I can understand the ACS-core team's feelings that supporting multiple databases are a waste of time. However, you don't have to be in the "real world" long to realize that clients are not always rational or unbiased about how things should work and what tools to use. In other words, you don't always get to choose your own database and may loose contracts if you can't meet the client's requirements.
Even Phillip Greenspun himself has spoken of porting the ACS to *gag* WindowsNT and *retch* Microsoft SQL-server. And these would certainly be far more involved and labor-intensive than (as Don points out) modifications for different SQL dialects.
So one question that immediately springs to mind, is if Don's conjecture is true (that a database-agnostic system would not be of interest to aD, and they would be unlikely to fold such changes back into the source tree), then where does that leave us? When Ben suggested that ACS/pg might someday just be a feature-equivalent port of the ACS, rather than an architecturally-identical port I was somewhat shocked, but after learning more I wonder if this isn't perhaps the best option.

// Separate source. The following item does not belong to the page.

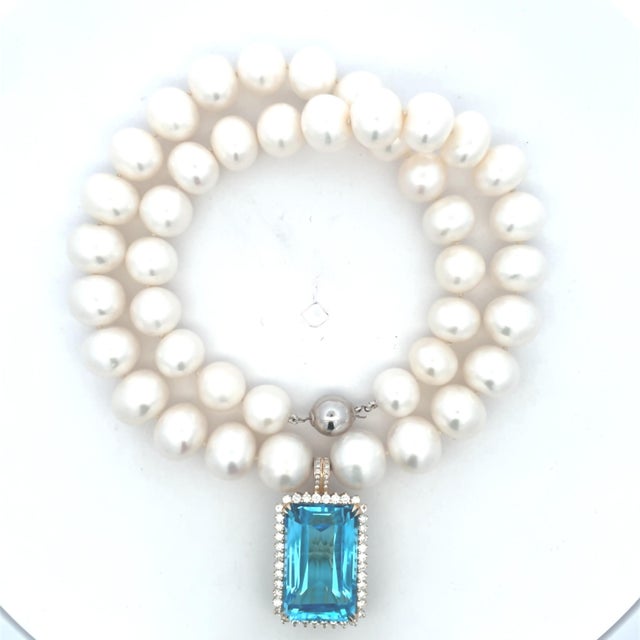 14k Gold 50.25 Carat Blue Topaz & 1.38 CTW Diamond Pendant Pearl Necklace For Sale - Image 12 of 14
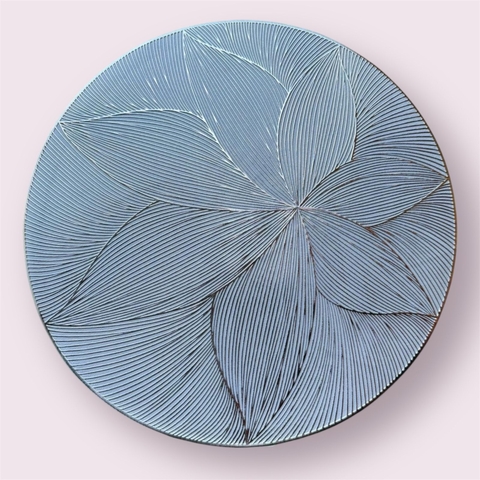 INDIVIDUAL PVC PLATA 38 CM PETALOS - comprar online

Perhaps I am just naive, but I really think it should be possible to migrate a website from one version of the ACS to another without having to hand-code every change. For example, at my current employer when we make a large change to a database construct that changes the way existing data should be stored, we have to write a "Rel" program (release program) that will walk through the database and update these values. These kinds of tasks should be possible without having to redo it for each and every site. However, I might not grasp the whole of the ACS's architecture (in fact I am sure I do not) and could be missing a key point.